# Tire sizes for '92 Sentra 4 door B13



## Guest (Sep 7, 2002)

What's the maximum tire size of a B13?

Right now i have a 187/70R13. is that too big?


----------



## SentraBoy (Jun 19, 2002)

The original size is 175/70/13.


----------



## Centurion (Sep 5, 2002)

I am running 185 70 13 on my stock rims. I am going back to stock next time due to odo and acceleration issues. Yes, both minor to be sure, granted.


----------



## bahearn (Jul 15, 2002)

What size wheel?


----------



## Centurion (Sep 5, 2002)

Stock...13 by 5


----------



## Guest (Sep 19, 2002)

*yeah...*

i'm running 15's... i know of people who have run 17's..... i'd suggest 16's.... i've heard that you will get maximum performance out of 15's, but i'd suggest 16's, just because they look nicer on it...


----------



## Joshb13sentra (May 13, 2002)

I have 15x7 rims, tires are 195/50/15. I might got to 205's next time I need tires (but they might rub).


----------



## toolapcfan (Jul 10, 2002)

I think drewb meant to say 185/70R13, AFAIK 187 doesn't exist. That first number always ends in a 5 or a 0. Same goes for the second number. Tires places should be fitting you with rim and tire combinations that don't change your overall diameter at all, that way your speedo/odometer is not affected. Even if you bring in the rims to have tires put on, they know what the stock tire size is and what sized tires on what sized rims will leave you with the same diameter.

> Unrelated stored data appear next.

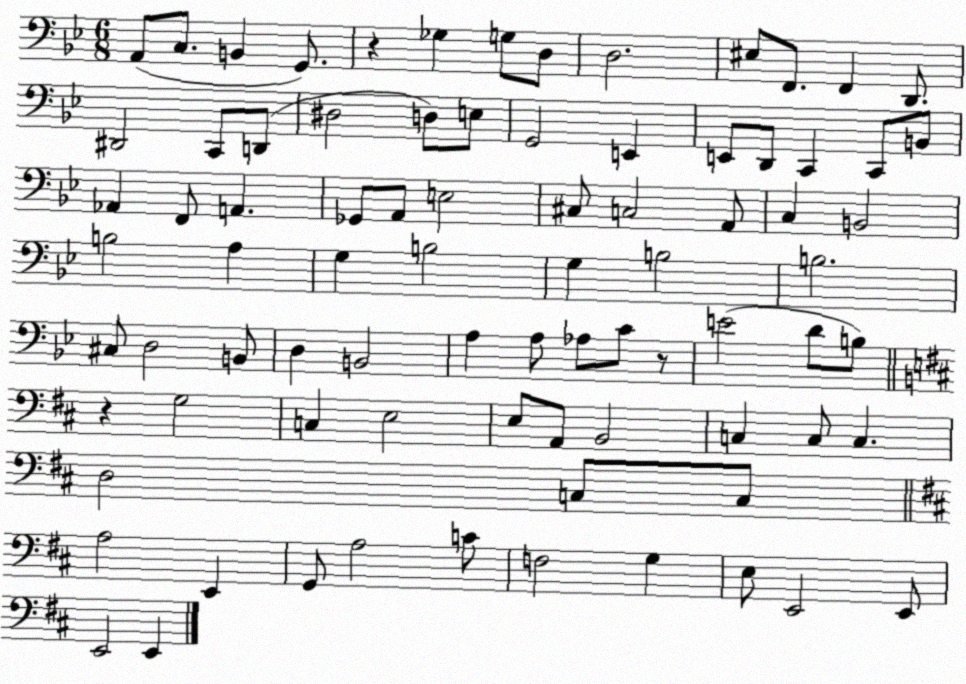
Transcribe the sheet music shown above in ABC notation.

X:1
T:Untitled
M:6/8
L:1/4
K:Bb
A,,/2 C,/2 B,, G,,/2 z _G, G,/2 D,/2 D,2 ^E,/2 F,,/2 F,, D,,/2 ^D,,2 C,,/2 D,,/2 ^D,2 D,/2 E,/2 G,,2 E,, E,,/2 D,,/2 C,, C,,/2 B,,/2 _A,, F,,/2 A,, _G,,/2 A,,/2 E,2 ^C,/2 C,2 A,,/2 C, B,,2 B,2 A, G, B,2 G, B,2 B,2 ^C,/2 D,2 B,,/2 D, B,,2 A, A,/2 _A,/2 C/2 z/2 E2 D/2 B,/2 z G,2 C, E,2 E,/2 A,,/2 B,,2 C, C,/2 C, D,2 C,/2 C,/2 A,2 E,, G,,/2 A,2 C/2 F,2 G, E,/2 E,,2 E,,/2 E,,2 E,, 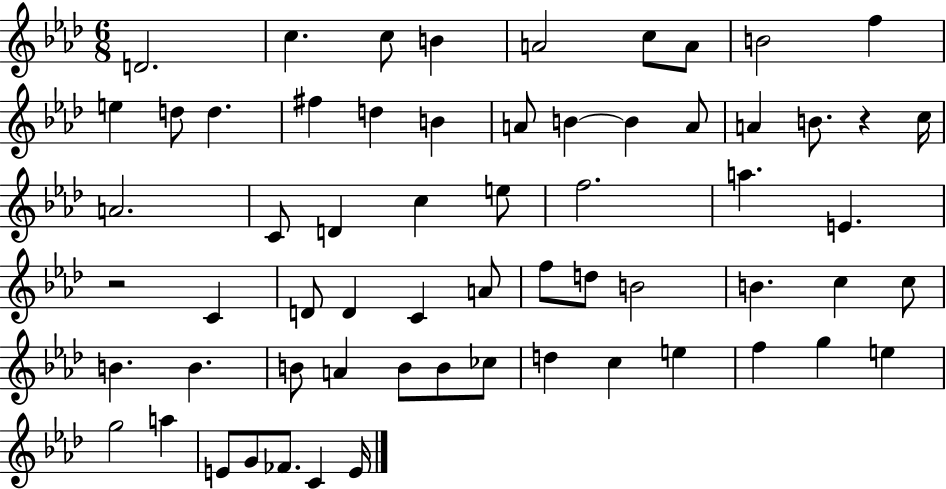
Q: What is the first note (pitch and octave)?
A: D4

If they're not, they're not doing their job, plus if it throws your speedo off enough that you're speeding and don't know it, it's not their fault and you still are guilty and have to pay the ticket. Check around on places like the tirerack and other online places, they should have some sort of calculator that you can use to see what different combinations you can use and still maintain stock diameter. I plan to go with 15's on my car next spring. Bigger rims not only cost more, but the tires do so as well. Besides, how cool are 17's when your car rides like shit because you have no sidewall? And it doesn't matter how good your suspension is, you'll still feel every bump.


----------



## sentra94xe (May 6, 2002)

Running B14 SE-R 15" wheels on 205/50/15 tires. Works great, no rubbing, and handles well.


----------